There’s also the classic vid by @jamesbradbury:

It’s been my experience that dimensionality has no (essentially) impact on speed. A KDTree is fast/optimized such that whether you’re looking through 13d or 250d data, it makes little difference.

This is, ultimately, where the secret sauce lies. Finding the descriptor space that makes the most for what you want to display/browse/represent. Be it a “simple” 2d thing ala CaTaRT (loudness/centroid) or a more complex/processed MFCC space, or a blend of things (LTP, LTEp).

tedmoore · December 31, 2023, 7:54pm

In my experience @rodrigo.constanzo is right.

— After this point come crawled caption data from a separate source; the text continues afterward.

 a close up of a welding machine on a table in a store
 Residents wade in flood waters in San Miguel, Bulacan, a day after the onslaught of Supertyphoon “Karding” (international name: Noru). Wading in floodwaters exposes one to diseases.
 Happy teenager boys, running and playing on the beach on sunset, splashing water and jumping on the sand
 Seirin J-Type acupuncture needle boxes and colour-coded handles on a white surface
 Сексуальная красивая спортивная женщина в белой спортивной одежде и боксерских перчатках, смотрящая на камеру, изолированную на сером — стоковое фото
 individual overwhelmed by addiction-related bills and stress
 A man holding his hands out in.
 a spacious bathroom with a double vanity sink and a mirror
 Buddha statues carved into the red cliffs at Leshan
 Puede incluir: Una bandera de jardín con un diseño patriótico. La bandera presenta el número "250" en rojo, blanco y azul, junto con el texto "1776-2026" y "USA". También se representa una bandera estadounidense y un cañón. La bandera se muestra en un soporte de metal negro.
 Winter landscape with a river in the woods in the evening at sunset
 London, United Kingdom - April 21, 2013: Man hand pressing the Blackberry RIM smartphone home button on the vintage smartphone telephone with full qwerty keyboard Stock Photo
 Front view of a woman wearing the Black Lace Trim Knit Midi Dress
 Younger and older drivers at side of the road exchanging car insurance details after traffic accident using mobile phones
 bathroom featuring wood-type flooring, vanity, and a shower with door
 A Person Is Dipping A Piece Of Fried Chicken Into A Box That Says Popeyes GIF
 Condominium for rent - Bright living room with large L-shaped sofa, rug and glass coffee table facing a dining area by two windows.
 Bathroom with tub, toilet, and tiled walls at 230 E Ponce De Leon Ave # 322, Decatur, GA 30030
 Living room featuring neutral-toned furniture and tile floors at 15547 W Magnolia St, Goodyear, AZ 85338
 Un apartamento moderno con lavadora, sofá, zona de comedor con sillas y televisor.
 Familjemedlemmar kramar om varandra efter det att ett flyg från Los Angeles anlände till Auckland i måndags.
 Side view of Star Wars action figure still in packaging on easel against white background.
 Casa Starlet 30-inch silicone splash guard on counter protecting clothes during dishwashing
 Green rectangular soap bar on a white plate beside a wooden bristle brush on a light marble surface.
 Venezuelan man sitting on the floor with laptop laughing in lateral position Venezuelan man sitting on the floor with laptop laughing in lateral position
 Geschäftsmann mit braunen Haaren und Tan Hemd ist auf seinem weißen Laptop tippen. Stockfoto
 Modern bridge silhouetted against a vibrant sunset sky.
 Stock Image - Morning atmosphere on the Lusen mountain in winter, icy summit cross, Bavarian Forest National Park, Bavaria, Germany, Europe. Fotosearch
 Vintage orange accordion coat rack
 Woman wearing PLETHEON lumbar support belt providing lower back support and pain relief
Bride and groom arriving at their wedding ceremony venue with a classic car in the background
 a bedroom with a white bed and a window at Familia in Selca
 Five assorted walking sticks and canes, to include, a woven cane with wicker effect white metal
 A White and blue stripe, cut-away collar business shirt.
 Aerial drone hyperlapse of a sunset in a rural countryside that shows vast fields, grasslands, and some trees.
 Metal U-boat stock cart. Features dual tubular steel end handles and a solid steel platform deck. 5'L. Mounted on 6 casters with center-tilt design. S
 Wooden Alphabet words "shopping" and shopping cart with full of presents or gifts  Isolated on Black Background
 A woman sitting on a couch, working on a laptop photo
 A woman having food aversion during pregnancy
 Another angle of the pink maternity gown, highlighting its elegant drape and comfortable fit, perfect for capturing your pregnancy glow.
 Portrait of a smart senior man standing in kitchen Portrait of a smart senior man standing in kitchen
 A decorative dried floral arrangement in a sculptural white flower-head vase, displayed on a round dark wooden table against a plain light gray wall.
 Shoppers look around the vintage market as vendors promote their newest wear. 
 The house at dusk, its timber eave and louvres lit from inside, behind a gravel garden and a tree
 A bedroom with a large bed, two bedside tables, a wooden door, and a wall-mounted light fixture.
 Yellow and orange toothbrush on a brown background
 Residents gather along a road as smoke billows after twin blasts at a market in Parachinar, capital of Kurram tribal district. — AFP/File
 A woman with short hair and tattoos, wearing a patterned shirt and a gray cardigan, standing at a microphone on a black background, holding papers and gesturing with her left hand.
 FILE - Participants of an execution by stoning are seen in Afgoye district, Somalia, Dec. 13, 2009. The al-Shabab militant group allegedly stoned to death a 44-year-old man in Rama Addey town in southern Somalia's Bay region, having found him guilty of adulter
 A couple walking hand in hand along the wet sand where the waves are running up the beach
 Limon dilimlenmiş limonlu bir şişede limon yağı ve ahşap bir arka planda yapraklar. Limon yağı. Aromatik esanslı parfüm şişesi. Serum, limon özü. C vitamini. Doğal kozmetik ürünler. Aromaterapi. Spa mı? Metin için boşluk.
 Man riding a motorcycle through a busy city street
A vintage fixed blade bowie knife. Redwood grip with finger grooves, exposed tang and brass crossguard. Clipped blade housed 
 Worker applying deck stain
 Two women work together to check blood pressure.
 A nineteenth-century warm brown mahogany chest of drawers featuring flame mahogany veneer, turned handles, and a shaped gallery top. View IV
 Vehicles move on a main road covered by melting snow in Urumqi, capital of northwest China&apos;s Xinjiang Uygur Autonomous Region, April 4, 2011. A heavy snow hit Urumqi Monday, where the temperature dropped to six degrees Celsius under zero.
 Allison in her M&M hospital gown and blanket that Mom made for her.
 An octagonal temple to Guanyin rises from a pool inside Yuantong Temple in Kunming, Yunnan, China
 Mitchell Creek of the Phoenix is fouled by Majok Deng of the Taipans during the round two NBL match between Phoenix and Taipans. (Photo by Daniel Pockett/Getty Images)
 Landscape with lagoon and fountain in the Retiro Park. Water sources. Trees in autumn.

Also @rodrigo.constanzo has some great videos, many of which you can find on this discourse, and posts on this discourse that model the strategy of “knowing your data” by doing a lot of plotting, listening, and tweaking to really know what the audio analyses provide, what you care about as a listener/composer, and how to connect those two realities.

MFCCs tend to be a good general-purpose starting point. Also, it’s often not too much effort to do more analyses (spectral shape, pitch, loudness, etc.), then plot, listen, etc. and see what makes sense for you.

Something like this might get you going in that direction:

staysh · December 31, 2023, 11:10pm

Thanks for these responses.

Am I following correctly in that clustering can find dense areas and that I could maybe only allow new slices that are either not in the most dense clusters or a certain distance away, and audition the clusters and maybe start thinning/prunning from isolating and inspecting those groups?

Second question, and I’m really just winging this as I haven’t even done any more preliminary thinking as to the implications, but has anyone messed around with quantizing 13d space? I can’t really imagine how this works other than how it would in three dimensions, “does this cube have any points in it?”

…but seems like the amount of regions gets really big really quick… I guess a binary split on each “axis” would be manageable, then I’m only working with about 8192 “regions” that have hits/misses. Is this viable?

tedmoore · January 1, 2024, 10:05pm

This is something that you could do, yes.

My gut says that “quantizing 13-d space” wouldn’t bear much fruit. What are you imagining the benefit would be? A KDTree or KMeans would make more sense for a way to find relationships in 13-d space.

With 13+ dimensions, you’re starting to get cursed by the “curse of dimensionality”, so overly strategizing how your 13 dimensional space would “work” is probably not going to behave the way you might hope or guess (this goes for quantizing, but also for any distances, such as KDTree or Kmeans too!).

If you do pursue it, I’ll be curious to hear how it goes!

tremblap · January 5, 2024, 11:46am

Hello @staysh and welcome!

I’ve made a new thread with this fascinating question. Feel free to rename the thread but I thought it was a great discussion in its own right

p